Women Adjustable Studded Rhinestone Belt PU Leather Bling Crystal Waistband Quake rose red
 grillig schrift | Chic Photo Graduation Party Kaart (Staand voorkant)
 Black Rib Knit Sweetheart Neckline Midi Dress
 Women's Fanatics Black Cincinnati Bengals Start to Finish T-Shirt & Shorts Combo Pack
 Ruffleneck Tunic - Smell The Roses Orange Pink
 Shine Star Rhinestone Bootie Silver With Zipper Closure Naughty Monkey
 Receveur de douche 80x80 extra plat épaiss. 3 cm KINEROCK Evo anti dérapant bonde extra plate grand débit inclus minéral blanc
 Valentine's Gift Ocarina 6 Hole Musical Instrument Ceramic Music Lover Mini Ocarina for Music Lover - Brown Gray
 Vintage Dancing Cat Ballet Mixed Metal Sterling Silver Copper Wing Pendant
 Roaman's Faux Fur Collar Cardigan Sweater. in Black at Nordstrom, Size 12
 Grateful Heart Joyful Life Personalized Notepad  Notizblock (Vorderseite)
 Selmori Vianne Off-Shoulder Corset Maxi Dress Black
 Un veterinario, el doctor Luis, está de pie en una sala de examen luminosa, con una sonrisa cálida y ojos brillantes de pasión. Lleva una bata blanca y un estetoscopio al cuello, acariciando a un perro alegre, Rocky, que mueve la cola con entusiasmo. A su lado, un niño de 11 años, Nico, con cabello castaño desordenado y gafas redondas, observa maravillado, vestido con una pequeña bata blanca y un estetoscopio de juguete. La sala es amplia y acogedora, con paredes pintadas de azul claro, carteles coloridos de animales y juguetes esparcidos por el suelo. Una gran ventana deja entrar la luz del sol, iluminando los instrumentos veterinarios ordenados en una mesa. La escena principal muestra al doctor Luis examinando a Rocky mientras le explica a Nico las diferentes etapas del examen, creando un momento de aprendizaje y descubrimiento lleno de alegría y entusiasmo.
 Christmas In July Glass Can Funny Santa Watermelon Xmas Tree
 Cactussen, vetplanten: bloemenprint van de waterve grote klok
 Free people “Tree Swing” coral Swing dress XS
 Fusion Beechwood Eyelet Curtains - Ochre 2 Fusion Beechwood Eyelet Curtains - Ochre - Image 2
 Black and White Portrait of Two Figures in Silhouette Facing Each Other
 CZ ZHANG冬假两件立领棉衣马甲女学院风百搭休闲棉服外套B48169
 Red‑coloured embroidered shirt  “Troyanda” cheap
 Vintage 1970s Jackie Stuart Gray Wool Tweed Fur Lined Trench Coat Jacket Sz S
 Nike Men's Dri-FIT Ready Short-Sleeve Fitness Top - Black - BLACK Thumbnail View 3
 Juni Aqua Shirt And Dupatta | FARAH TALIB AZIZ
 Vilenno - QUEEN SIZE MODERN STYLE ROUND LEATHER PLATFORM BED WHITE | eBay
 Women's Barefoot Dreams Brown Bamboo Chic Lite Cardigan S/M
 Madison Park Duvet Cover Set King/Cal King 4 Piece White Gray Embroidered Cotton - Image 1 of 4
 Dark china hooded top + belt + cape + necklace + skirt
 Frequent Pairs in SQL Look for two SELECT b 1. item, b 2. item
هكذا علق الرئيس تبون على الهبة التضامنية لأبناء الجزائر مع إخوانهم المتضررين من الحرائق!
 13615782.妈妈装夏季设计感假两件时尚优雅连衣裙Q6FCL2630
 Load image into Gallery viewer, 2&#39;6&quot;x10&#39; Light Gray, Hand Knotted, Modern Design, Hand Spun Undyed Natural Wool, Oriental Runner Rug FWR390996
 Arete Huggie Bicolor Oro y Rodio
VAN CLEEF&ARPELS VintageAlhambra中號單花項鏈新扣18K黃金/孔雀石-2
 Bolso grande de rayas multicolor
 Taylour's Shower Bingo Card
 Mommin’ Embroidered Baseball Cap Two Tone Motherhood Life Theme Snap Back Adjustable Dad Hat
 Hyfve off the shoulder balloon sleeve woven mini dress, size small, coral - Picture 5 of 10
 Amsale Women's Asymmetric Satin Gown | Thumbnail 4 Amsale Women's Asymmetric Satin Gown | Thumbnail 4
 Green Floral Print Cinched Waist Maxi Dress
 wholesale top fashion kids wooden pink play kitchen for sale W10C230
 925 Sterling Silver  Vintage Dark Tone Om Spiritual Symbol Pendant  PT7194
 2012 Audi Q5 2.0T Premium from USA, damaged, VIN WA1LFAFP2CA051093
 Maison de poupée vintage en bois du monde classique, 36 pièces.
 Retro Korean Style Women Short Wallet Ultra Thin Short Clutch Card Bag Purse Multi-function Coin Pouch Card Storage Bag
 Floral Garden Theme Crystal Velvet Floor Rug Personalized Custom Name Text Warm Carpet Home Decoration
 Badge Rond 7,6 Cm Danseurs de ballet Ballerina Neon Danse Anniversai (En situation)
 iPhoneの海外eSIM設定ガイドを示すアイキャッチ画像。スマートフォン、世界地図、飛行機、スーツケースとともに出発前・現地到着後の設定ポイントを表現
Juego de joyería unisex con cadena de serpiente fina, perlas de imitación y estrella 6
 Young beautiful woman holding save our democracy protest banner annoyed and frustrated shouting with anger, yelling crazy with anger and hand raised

┄┄┄┄┄┄

Activity> Output the records exactly.

Solution below>
Women Adjustable Studded Rhinestone Belt PU Leather Bling Crystal Waistband Quake rose red
 grillig schrift | Chic Photo Graduation Party Kaart (Staand voorkant)
 Black Rib Knit Sweetheart Neckline Midi Dress
 Women's Fanatics Black Cincinnati Bengals Start to Finish T-Shirt & Shorts Combo Pack
 Ruffleneck Tunic - Smell The Roses Orange Pink
 Shine Star Rhinestone Bootie Silver With Zipper Closure Naughty Monkey
 Receveur de douche 80x80 extra plat épaiss. 3 cm KINEROCK Evo anti dérapant bonde extra plate grand débit inclus minéral blanc
 Valentine's Gift Ocarina 6 Hole Musical Instrument Ceramic Music Lover Mini Ocarina for Music Lover - Brown Gray
 Vintage Dancing Cat Ballet Mixed Metal Sterling Silver Copper Wing Pendant
 Roaman's Faux Fur Collar Cardigan Sweater. in Black at Nordstrom, Size 12
 Grateful Heart Joyful Life Personalized Notepad  Notizblock (Vorderseite)
 Selmori Vianne Off-Shoulder Corset Maxi Dress Black
 Un veterinario, el doctor Luis, está de pie en una sala de examen luminosa, con una sonrisa cálida y ojos brillantes de pasión. Lleva una bata blanca y un estetoscopio al cuello, acariciando a un perro alegre, Rocky, que mueve la cola con entusiasmo. A su lado, un niño de 11 años, Nico, con cabello castaño desordenado y gafas redondas, observa maravillado, vestido con una pequeña bata blanca y un estetoscopio de juguete. La sala es amplia y acogedora, con paredes pintadas de azul claro, carteles coloridos de animales y juguetes esparcidos por el suelo. Una gran ventana deja entrar la luz del sol, iluminando los instrumentos veterinarios ordenados en una mesa. La escena principal muestra al doctor Luis examinando a Rocky mientras le explica a Nico las diferentes etapas del examen, creando un momento de aprendizaje y descubrimiento lleno de alegría y entusiasmo.
 Christmas In July Glass Can Funny Santa Watermelon Xmas Tree
 Cactussen, vetplanten: bloemenprint van de waterve grote klok
 Free people “Tree Swing” coral Swing dress XS
 Fusion Beechwood Eyelet Curtains - Ochre 2 Fusion Beechwood Eyelet Curtains - Ochre - Image 2
 Black and White Portrait of Two Figures in Silhouette Facing Each Other
 CZ ZHANG冬假两件立领棉衣马甲女学院风百搭休闲棉服外套B48169
 Red‑coloured embroidered shirt  “Troyanda” cheap
 Vintage 1970s Jackie Stuart Gray Wool Tweed Fur Lined Trench Coat Jacket Sz S
 Nike Men's Dri-FIT Ready Short-Sleeve Fitness Top - Black - BLACK Thumbnail View 3
 Juni Aqua Shirt And Dupatta | FARAH TALIB AZIZ
 Vilenno - QUEEN SIZE MODERN STYLE ROUND LEATHER PLATFORM BED WHITE | eBay
 Women's Barefoot Dreams Brown Bamboo Chic Lite Cardigan S/M
 Madison Park Duvet Cover Set King/Cal King 4 Piece White Gray Embroidered Cotton - Image 1 of 4
 Dark china hooded top + belt + cape + necklace + skirt
 Frequent Pairs in SQL Look for two SELECT b 1. item, b 2. item
هكذا علق الرئيس تبون على الهبة التضامنية لأبناء الجزائر مع إخوانهم المتضررين من الحرائق!
 13615782.妈妈装夏季设计感假两件时尚优雅连衣裙Q6FCL2630
 Load image into Gallery viewer, 2&#39;6&quot;x10&#39; Light Gray, Hand Knotted, Modern Design, Hand Spun Undyed Natural Wool, Oriental Runner Rug FWR390996
 Arete Huggie Bicolor Oro y Rodio
VAN CLEEF&ARPELS VintageAlhambra中號單花項鏈新扣18K黃金/孔雀石-2
 Bolso grande de rayas multicolor
 Taylour's Shower Bingo Card
 Mommin’ Embroidered Baseball Cap Two Tone Motherhood Life Theme Snap Back Adjustable Dad Hat
 Hyfve off the shoulder balloon sleeve woven mini dress, size small, coral - Picture 5 of 10
 Amsale Women's Asymmetric Satin Gown | Thumbnail 4 Amsale Women's Asymmetric Satin Gown | Thumbnail 4
 Green Floral Print Cinched Waist Maxi Dress
 wholesale top fashion kids wooden pink play kitchen for sale W10C230
 925 Sterling Silver  Vintage Dark Tone Om Spiritual Symbol Pendant  PT7194
 2012 Audi Q5 2.0T Premium from USA, damaged, VIN WA1LFAFP2CA051093
 Maison de poupée vintage en bois du monde classique, 36 pièces.
 Retro Korean Style Women Short Wallet Ultra Thin Short Clutch Card Bag Purse Multi-function Coin Pouch Card Storage Bag
 Floral Garden Theme Crystal Velvet Floor Rug Personalized Custom Name Text Warm Carpet Home Decoration
 Badge Rond 7,6 Cm Danseurs de ballet Ballerina Neon Danse Anniversai (En situation)
 iPhoneの海外eSIM設定ガイドを示すアイキャッチ画像。スマートフォン、世界地図、飛行機、スーツケースとともに出発前・現地到着後の設定ポイントを表現
Juego de joyería unisex con cadena de serpiente fina, perlas de imitación y estrella 6
 Young beautiful woman holding save our democracy protest banner annoyed and frustrated shouting with anger, yelling crazy with anger and hand raised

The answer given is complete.